After Mussolini’s elevation to power, fascism became totalitarian.
Expansion was the keynote of Mussolin’s foreign policy. Among the
specific aims of Italian fascist foreign policy were control of the
Adriatic Sea, increase of the European area of Italy, enlargement of
Italy’s Afrikan empire, and domination of the Mediterranean Sea, which
Mussolini called “mare nostrum.”
Although highly suspicious and jealous of the German dictator Adolf
Hitler, Mussolini found himself pushed into an alliance with Germany in
the so-called Rome-Berlin Axis. The alliance led to Italy’s entry into
World War II on the side of Germany, which proved to be a fateful
mistake. Throughout the war the fascist regime was dependent for
survival on the superior military and economic resources of Germany.

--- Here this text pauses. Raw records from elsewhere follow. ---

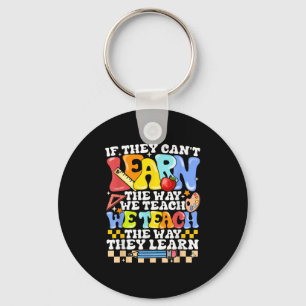 If They Can't Learn The Way We Teach Sped Teacher  Keychain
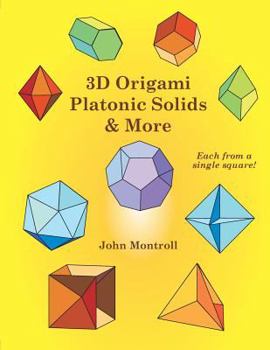 Paperback 3D Origami Platonic Solids & More (Origami Polyhedra) Book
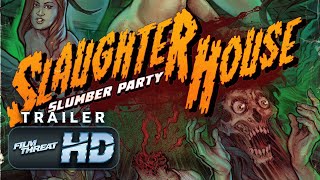 Slaughterhouse Slumber Party előzetes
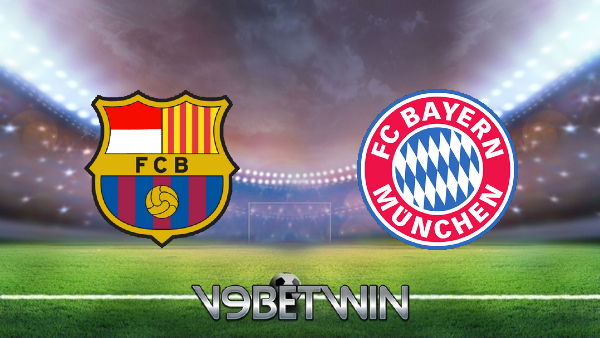 Soi kèo nhà cái, Tỷ lệ cược Barcelona vs Bayern Munich – 02h00 – 15/09/2021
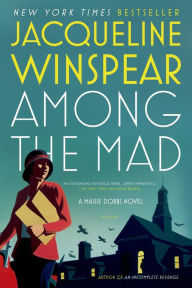 Title: Among the Mad (Maisie Dobbs Series #6), Author: Jacqueline Winspear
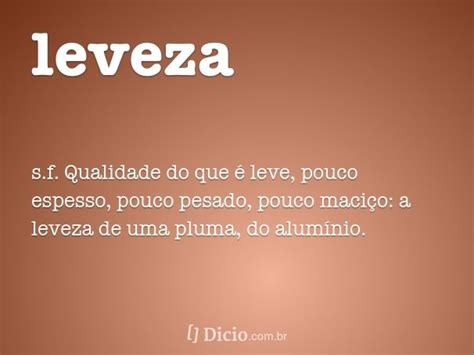 O Que Significa Leveza - Leveza - Significado de Leveza no Dicio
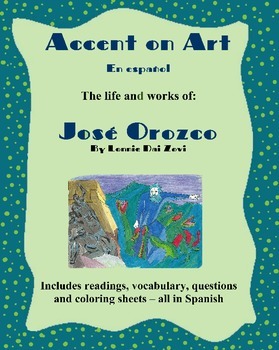 Preview of Orozco - Accent on Art, Spanish Art Packets for the Spanish Classroom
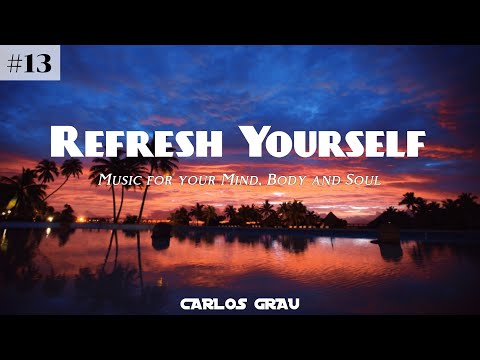 Deep House Mix | Summer 2023 | Refresh Yourself #13 | Carlos Grau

As
a result, the German influence became predominant, and in effect, Italy
became a vassal of Germany. When the Allies invaded Italy in 1944, the
Italian population turned against the fascist regime and its German
overlord. The people rose in revolt in 1944-45, abolished the monarchy,
and established a republic.
Amerika has established itself as the mortal enemy of all socialist
activity on earth. Remember that fascism allows no genuine opposition to
its rule. It is a geopolitical arrangement where only one political
party is allowed to exist aboveground, and no oppositional political
activity is allowed. Despite the presence of political parties, there is
only one legal politics in the U.S. – the politics of corporatism. The
hierarchy commands all state power.
Donald Trump’s documented congratulatory messages to Putin are not
simply diplomatic gestures. Trump is a fascist. Trump, like FDR, was
born and bred in a ruling class of families. His role is to form a new
fascist regime, much like the “new deal,” to merge the economic,
political and labor elites. Extreme nationalism has prompted a national
emergency to fund a wall to keep Mexicans out. This is much like the
violence that was geared at the Indians and against us as blacks.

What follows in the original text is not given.